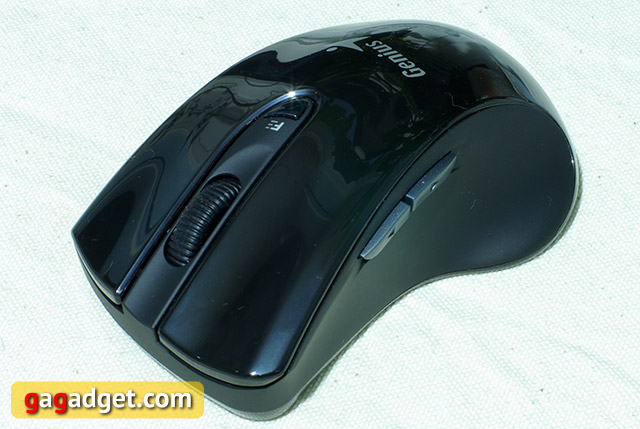 Обзор мышки Genius DX-L8000-2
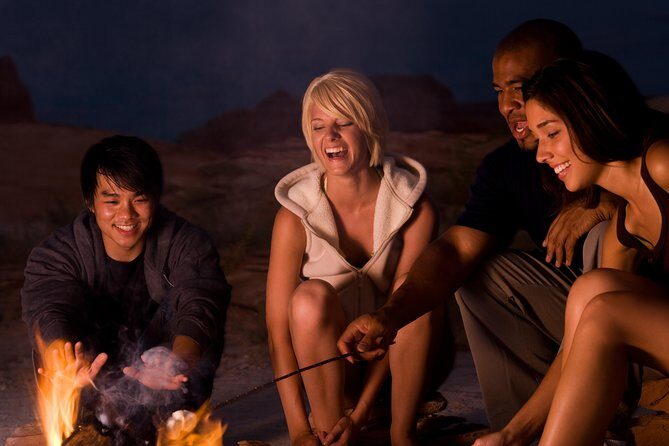 Campfire S'mores and Stars Tour in Kanab - An In-Depth Look at the Campfire Smores and Stars Tour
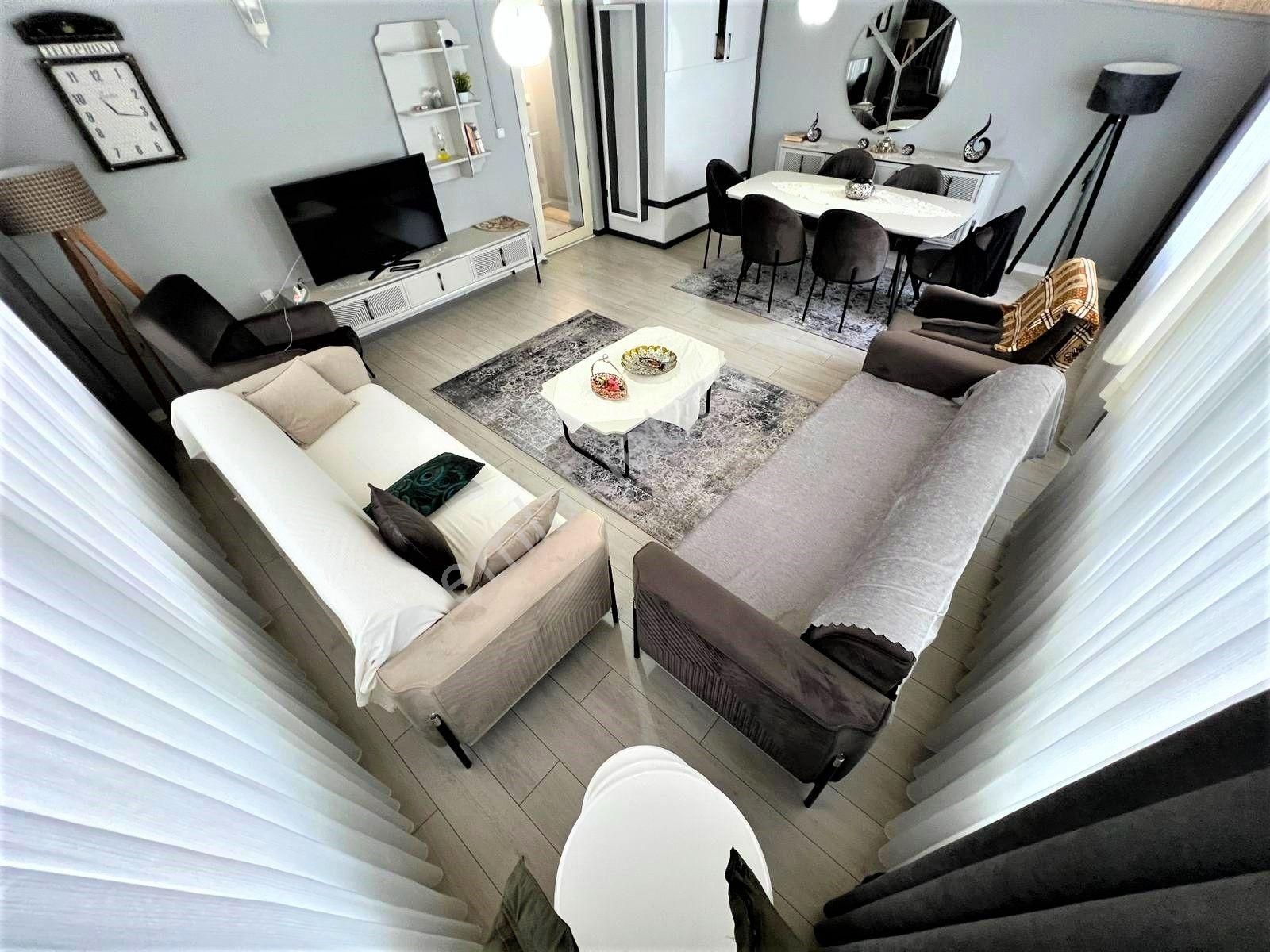 Yükselden Altınkum Çift Mutfaklı Masrafsız Lux D.gazlı 4+1dublex - Görsel 2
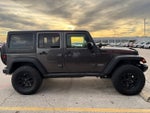 2017 Jeep Wrangler Unlimited Rubicon Recon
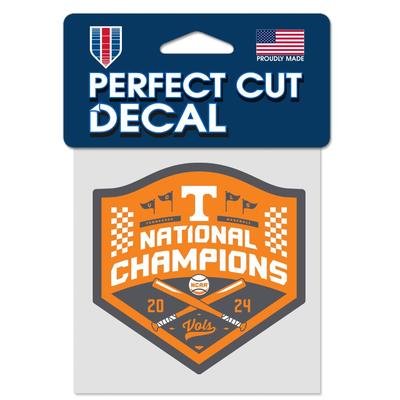 Tennessee 2024 NCAA College World Series Nat Champ 4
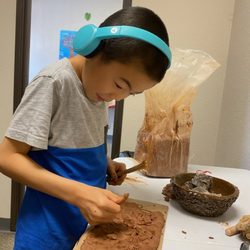 Circle of Love Autism Center - Pottery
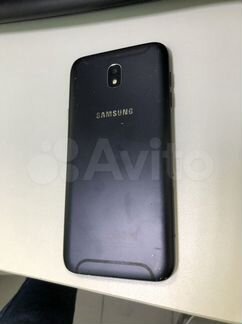 Телефон Samsung J7 2018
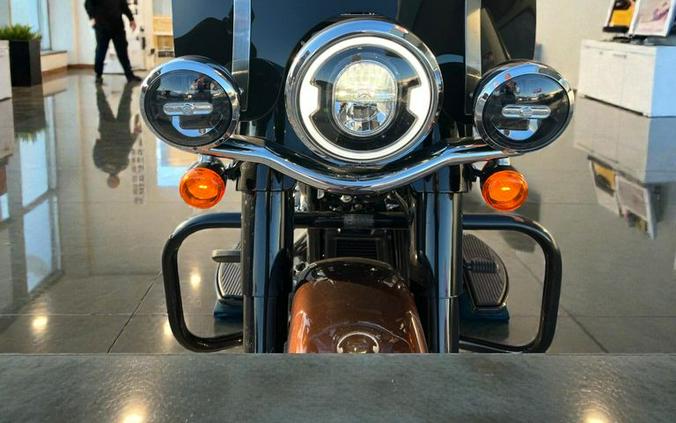 2019 Harley-Davidson Heritage Classic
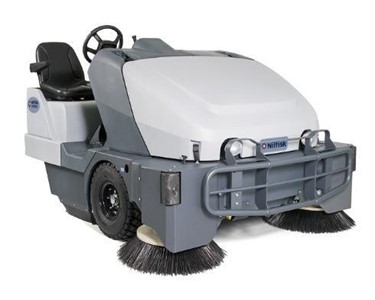 Ride On Sweeper | SW8000 D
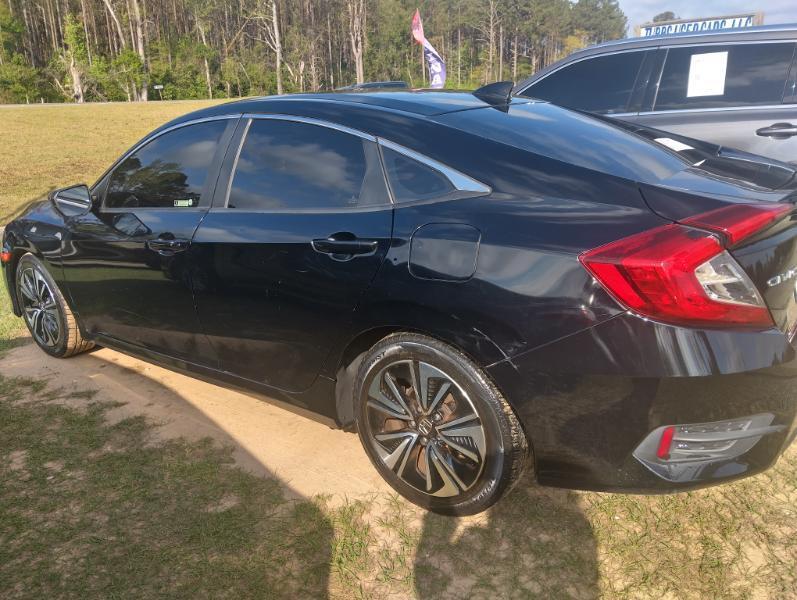 Honda Civic  2018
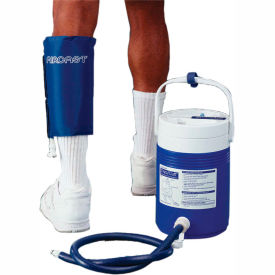 AirCast® CryoCuff® Calf Cuff with Gravity Feed Cooler 11-1564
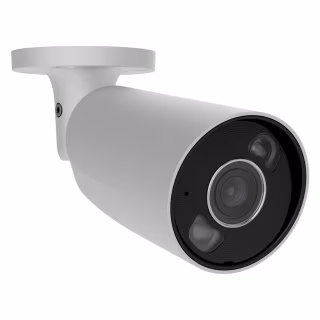 Камера видеонаблюдения Ajax BulletCam HL (5/4.0) white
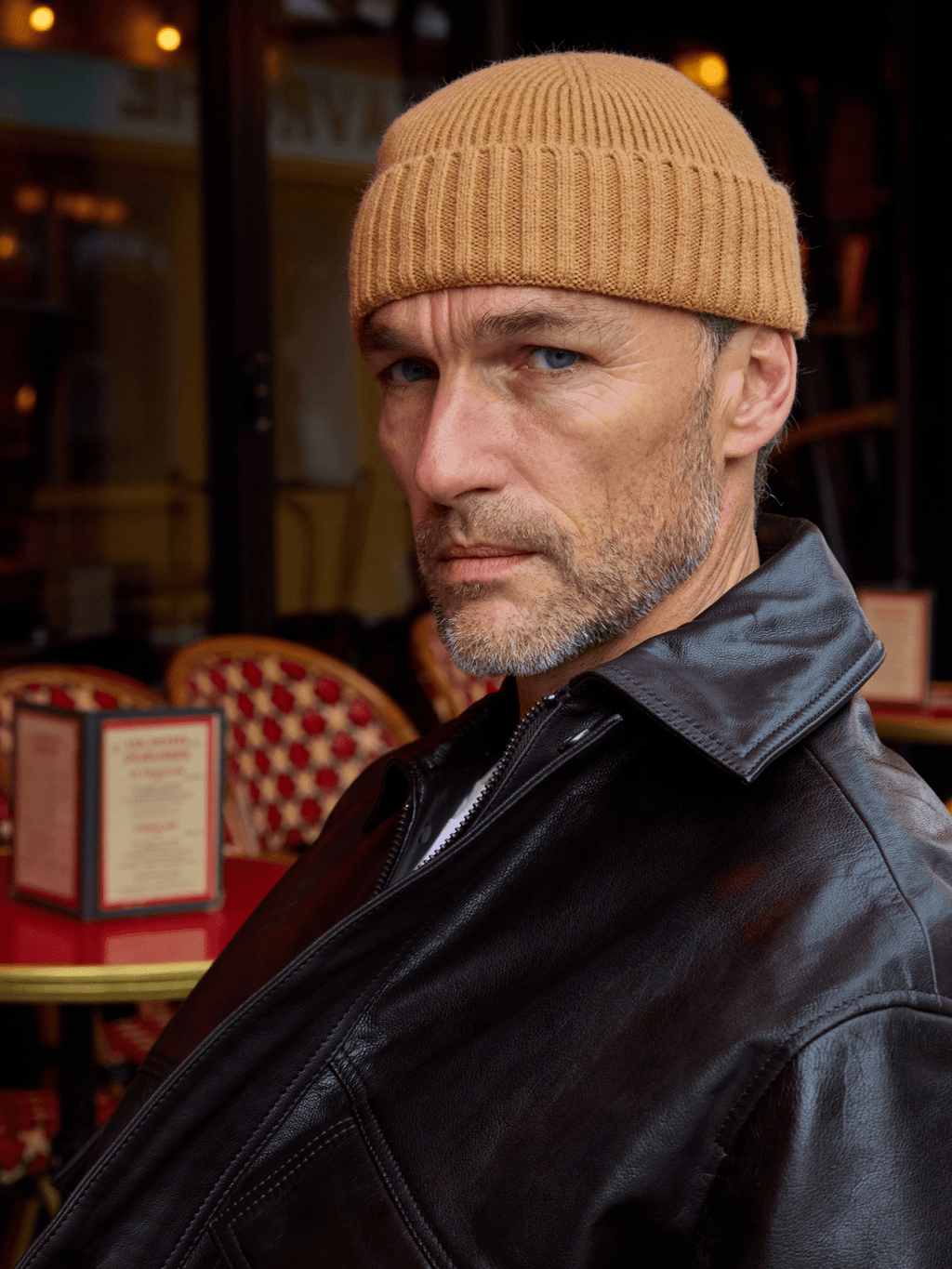 Bonnet d’Hiver - Pierrot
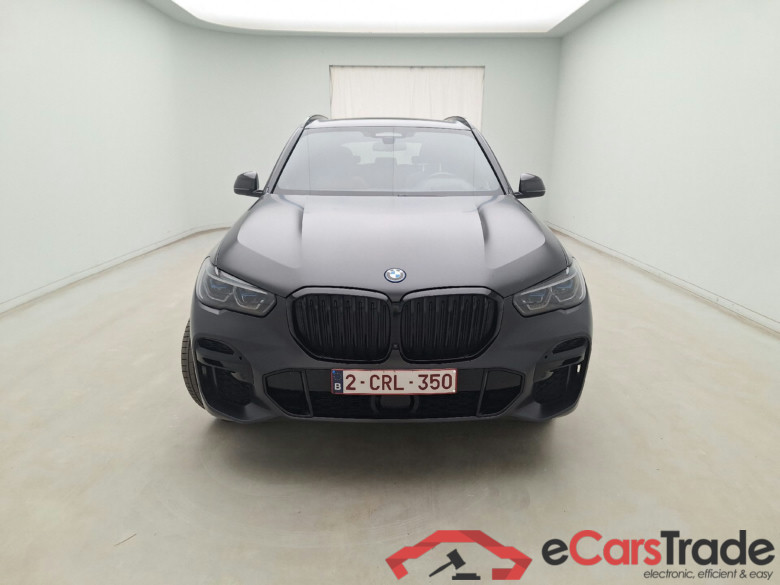 BMW, X5 '18 PHEV, BMW X5 xDrive45e (210kW) 5d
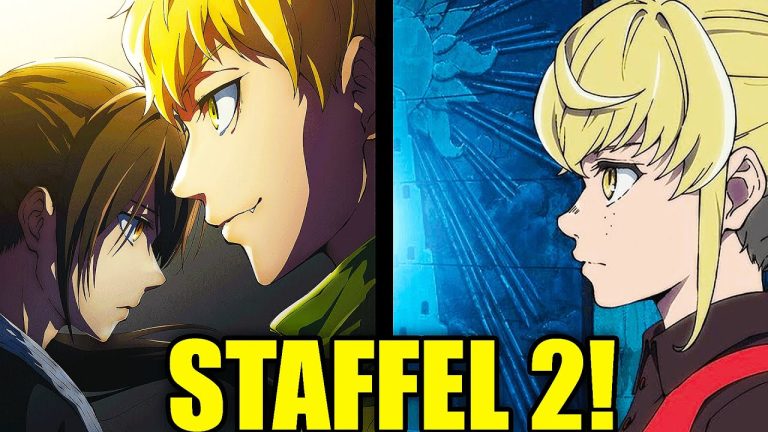 Die Serie Tower Of God Staffel 2 von Mediafire herunterladen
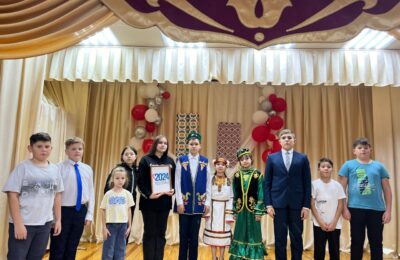 «Cокровище моего народа»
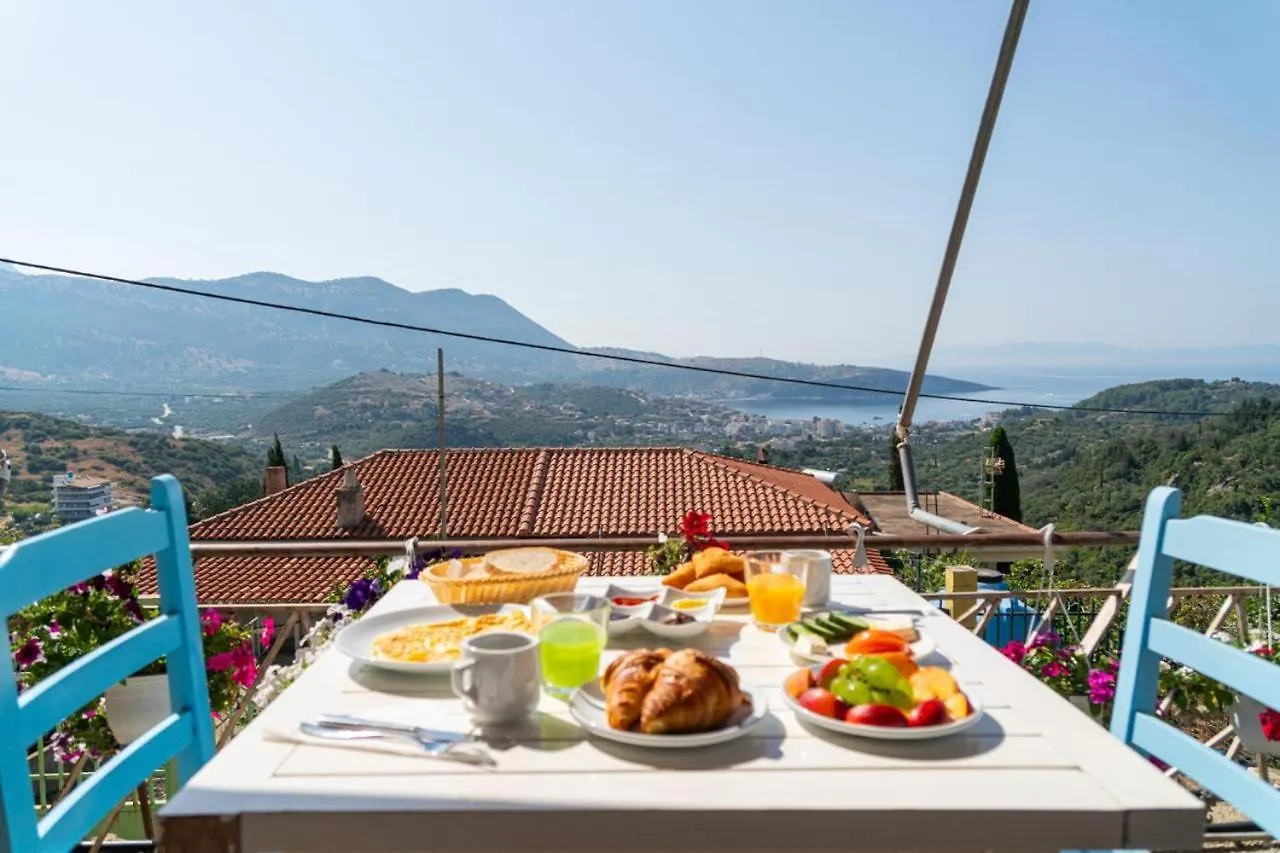 Alex Boutique Hotel Himara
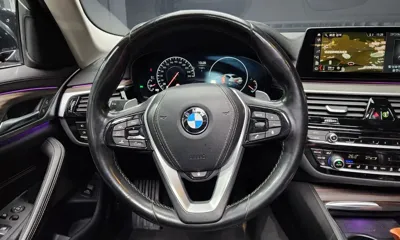 BMW 5-Series 2019, 222769 км, за 18500000 KRW - фото 13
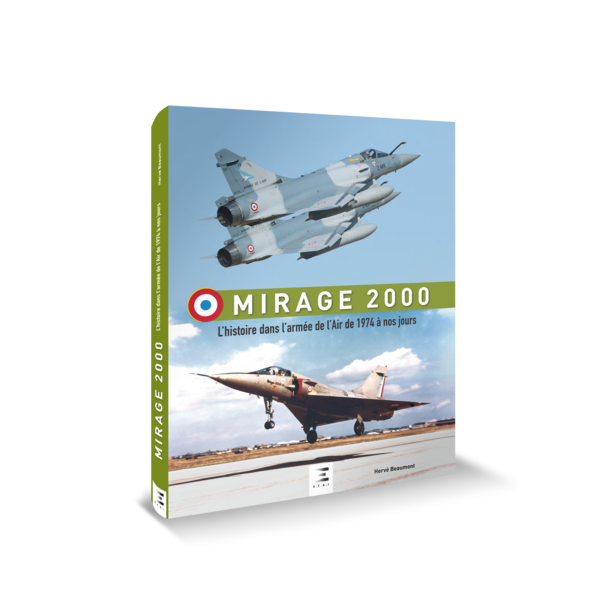 Livre : Mirage 2000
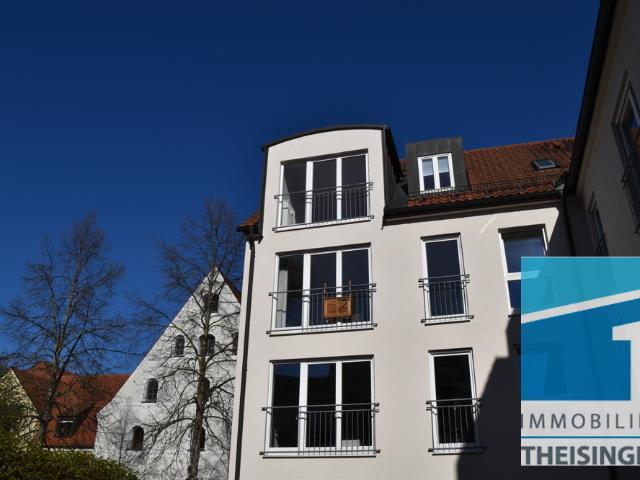 2 Zimmer Wohnung, Ingolstadt, Jesuitenstrasse, Theisinger Immobilien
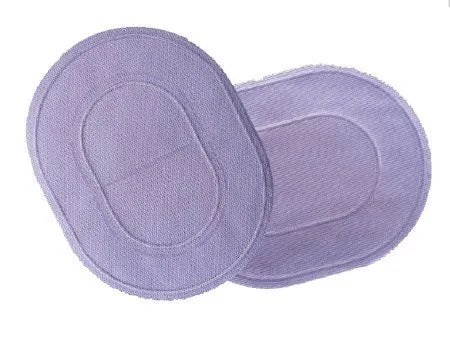 Ventrio ST with Sepra Technology - Ventral Hernia Repair Mesh Nonabsorbable Polypropylene Monofilament 5-2/5 X 7 Inch Large Oval Style White - 5950050
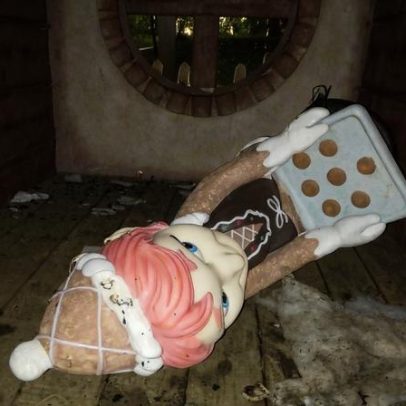 Pinhel: Estruturas de Natal vandalizadas esta noite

========

All lines from the one holding "Circle of Love Autism Center - Pottery" through the last line of the records need to be copied exactly, both ends included, and the pictures left behind.

Output for this task:
 Circle of Love Autism Center - Pottery
 Телефон Samsung J7 2018
 2019 Harley-Davidson Heritage Classic
 Ride On Sweeper | SW8000 D
 Honda Civic  2018
 AirCast® CryoCuff® Calf Cuff with Gravity Feed Cooler 11-1564
 Камера видеонаблюдения Ajax BulletCam HL (5/4.0) white
 Bonnet d’Hiver - Pierrot
 BMW, X5 '18 PHEV, BMW X5 xDrive45e (210kW) 5d
 Die Serie Tower Of God Staffel 2 von Mediafire herunterladen
 «Cокровище моего народа»
 Alex Boutique Hotel Himara
 BMW 5-Series 2019, 222769 км, за 18500000 KRW - фото 13
 Livre : Mirage 2000
 2 Zimmer Wohnung, Ingolstadt, Jesuitenstrasse, Theisinger Immobilien
 Ventrio ST with Sepra Technology - Ventral Hernia Repair Mesh Nonabsorbable Polypropylene Monofilament 5-2/5 X 7 Inch Large Oval Style White - 5950050
 Pinhel: Estruturas de Natal vandalizadas esta noite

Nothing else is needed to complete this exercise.